Era il 2019 quando il primo Bilancio di Sostenibilità di Venica&Venica da Dolegna del Collio spiccava il volo sulle ali del “fare bene per fare del bene”. Buone pratiche implementate negli anni, ma soprattutto amore per il proprio territorio dal 1930, quando il capostipite Daniele iniziò a camminare, e a segnare la strada futura della famiglia Venica, sulla via delle vigne.
L’antico rispetto dei cicli della natura e la predilezione, in vigneto come in cantina, di prodotti naturali, ha fatto di Venica una famiglia così fortemente legata al Collio, generazione dopo generazione, da farsi tutrice della cura dell’ambiente, delle persone e della comunità.
Quella di Venica&Venica è la storia di un viaggio nel tempo, da nonno Daniele alla quarta generazione che oggi sta ricevendo il testimone, e nello spazio, quello di un territorio con le sembianze di una mezzaluna che unisce il Friuli Venezia Giulia alla Slovenia.
È un viaggio lungo il quale Daniele, e poi Adelchi, e poi ancora Gianni e Giorgio, e oggi i loro figli, hanno scelto di tutelare l’unicità dell’ambiente, di quel terreno fatto di marne e arenarie, dei paesaggi e della cultura che in questi territori è cresciuta. La cultura del vino, il rispetto di vitigni che si innalzano su queste colline donando alle loro uve caratteristiche ogni volta diverse, perché il terroir del Collio è fatto di tante specificità, tutte racchiuse nel saldo abbraccio sapido e minerale.
Il bilancio di sostenibilità di Venica&Venica è una dichiarazione di responsabilità, a dare voce a un tragitto segnato dalla voglia di mantenere salda l’identità. A raccontare una famiglia che ha percorso e sta percorrendo le vie dell’evoluzione agricola in un territorio così caratteristico nella sua biodiversità da divenire un dipinto naturale unico, con un approccio sempre orientato al rispetto e alla valorizzazione di questa unicità.
E se la difesa del paesaggio e della biodiversità sono i valori fondamentali, Venica&Venica insegna che l’identità per essere mantenuta va anche raccontata. Perché solo attraverso il racconto si riesce a far comprendere come ogni singola e piccola cantina sia parte di un patrimonio collettivo. Ed è sulla consapevolezza di questo patrimonio che si fonda uno sviluppo territoriale.

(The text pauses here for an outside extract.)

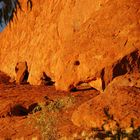 Am Uluru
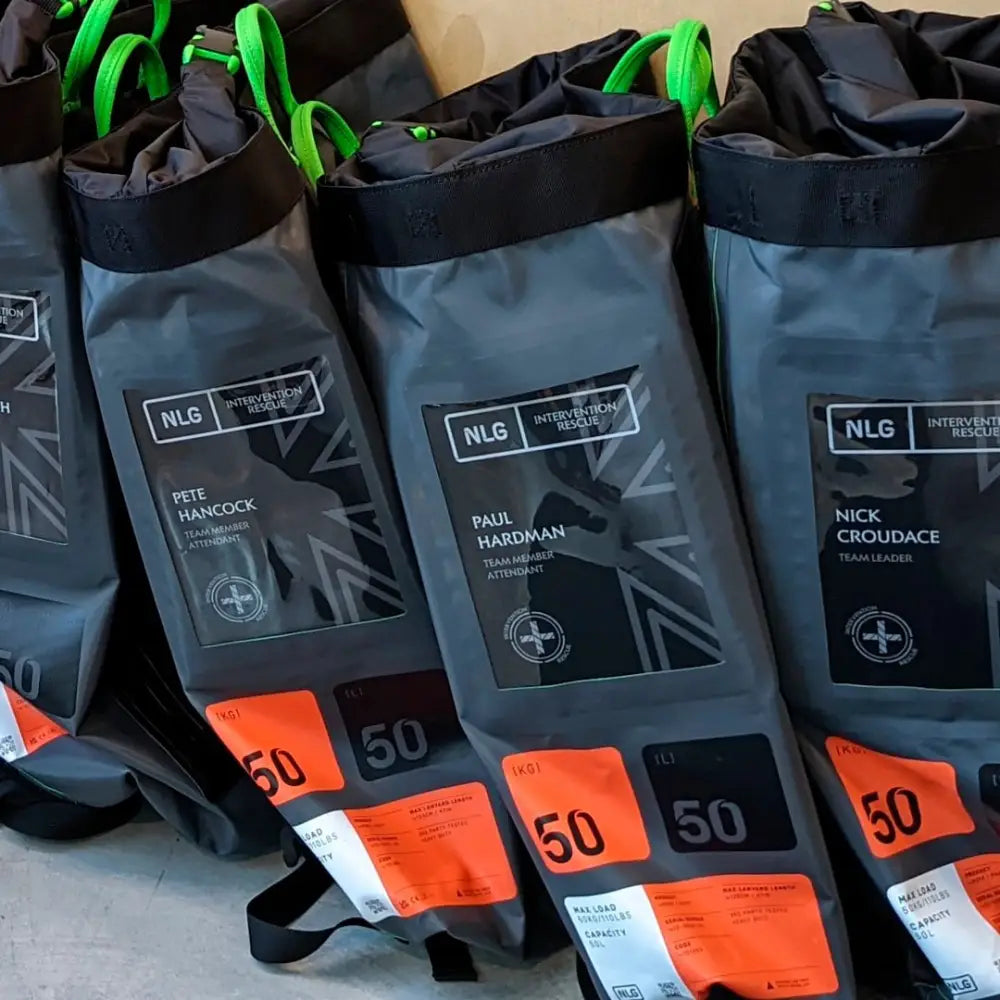 277463694_2779839195492871_818871339555006378_n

Così, racconti e identità diventano i protagonisti dei luoghi dell’ospitalità di questa famiglia, dalla cantina al resort.
Le vite dei Venica.
La visita alla cantina Venica&Venica non è solo un percorso alla scoperta delle tecniche e dei processi di vinificazione e degustazione guidata. È un cammino nel sapere dei padri, è la storia della famiglia che si svela tra profumi antichi e sentori che conducono al futuro, culminando in calici che raccontano il cuore pulsante di questa famiglia.
Dietro e dentro un buon vino ci sono sacrifici, passione, amore, legame al territorio. Tutto questo Venica&Venica narra con orgoglio di appartenenza attraverso porte che si aprono una ad una, in cantina, a rivelare ciascuna una pagina essenziale del viaggio di famiglia.

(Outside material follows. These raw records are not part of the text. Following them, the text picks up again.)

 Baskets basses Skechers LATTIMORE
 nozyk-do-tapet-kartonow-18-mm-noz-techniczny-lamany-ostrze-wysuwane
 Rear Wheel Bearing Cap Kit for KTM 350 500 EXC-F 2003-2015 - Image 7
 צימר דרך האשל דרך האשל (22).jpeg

La porta di Daniele è una classica porta di ingresso delle case rurali di inizio Novecento e conduce in una stanza i cui muri sono impregnati dei valori e della saggezza della civiltà contadina di ieri. Daniele è il buon padre di famiglia, che ha donato ai discendenti il legame con la terra e con il Collio. E dalla sua sapienza e vocazione in poi l’albero genealogico è stato arricchito e reso unico dal marchio indelebile di “famiglia del vino”.
Già rapiti dal magico aroma del passato, ecco rivelarsi la seconda porta, quella di Adelchi. Una porta speciale che apre lo sguardo a una vecchia dispensa. No, non un magazzino, bensì quello che fu lo scrigno della casa in tempo di guerra. Cibo come salvezza, per il sostentamento ma, soprattutto, per non dover abbandonare la propria abitazione, e il proprio territorio. Una porta la cui targa invisibile racconta tutto l’amore possibile: ancora una volta quello per la famiglia e per il Collio.
Resta alle spalle la porta di Adelchi e il percorso in cantina conduce poco a poco all’oggi, e quasi pare che la luce si faccia via via più intensa e chiara. Come un albero che affonda le radici nel buio della terra, indispensabile nutrimento, e si innalza poi verso il cielo, dove a sorridere sono le verdi foglioline primaverili. E mentre Daniele e Adelchi continuano a donare sostentamento, a ricordare dove sono le radici della famiglia Venica, eccoci arrivare a una porta il cui design dell’artista viennese Klemens Torggler gioca a incuriosire coi suoi incastri.
È la porta di Gianni e Giorgio, i due fratelli che oggi continuano ad alimentare l’incessante passione e il profondo amore per il proprio lavoro, per le vigne e il vino. Una porta che parla di due uomini legati dalla stessa passione, con conoscenze e ruoli diversi e distinti, ma anche di come qui, nel Collio, la cultura del territorio si intreccia con quella mitteleuropea. Legàmi.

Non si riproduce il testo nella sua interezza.